Electricity covers the fundamental laws governing circuits — from Ohm\'s law and resistance to Kirchhoff\'s laws and practical circuits like potential dividers and sensors.
Current I = Q/t (A). Charge: Q = It. Electron flow: conventional current opposite to electron drift. EMF (ε): energy per unit charge from a source. PD (V): energy per unit charge transferred to a component. Resistance R = V/I (Ω). Ohm\'s law: V ∝ I at constant temperature (for ohmic conductors). Resistivity: R = ρL/A where ρ = constant for a material at given temperature. Temperature effects: metals → R increases (more lattice vibrations), thermistors (NTC) → R decreases, LDR → R decreases with more light.

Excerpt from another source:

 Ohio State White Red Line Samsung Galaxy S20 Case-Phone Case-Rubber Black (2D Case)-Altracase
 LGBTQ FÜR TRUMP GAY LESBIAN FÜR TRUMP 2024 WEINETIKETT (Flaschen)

Kirchhoff\'s first law (KCL): sum of currents at a junction = 0 (charge conservation). Kirchhoff\'s second law (KVL): sum of EMFs = sum of PDs around a closed loop (energy conservation). Series: I same, V adds, R_total = R₁ + R₂. Parallel: V same, I adds, 1/R_total = 1/R₁ + 1/R₂. Internal resistance: ε = V + Ir → V = ε - Ir. Terminal PD decreases with current.
Two resistors in series share the source PD. V_out = V_in × R₂/(R₁+R₂). Used with sensors: thermistor in divider → output voltage changes with temperature. LDR in divider → output voltage changes with light intensity. Design: choose where to place the variable resistor to get desired relationship (e.g., V_out increases with temperature or decreases).
EMF (electromotive force) is the energy per unit charge transferred FROM chemical/other energy TO electrical energy by a source (e.g., battery, generator). PD (potential difference) is the energy per unit charge transferred FROM electrical energy TO other forms by a component (e.g., resistor → heat, motor → kinetic). Both measured in volts (J/C). The terminal PD of a battery is less than its EMF because some energy is "lost" internally: V = ε - Ir. Only when no current flows (open circuit) does terminal PD equal EMF.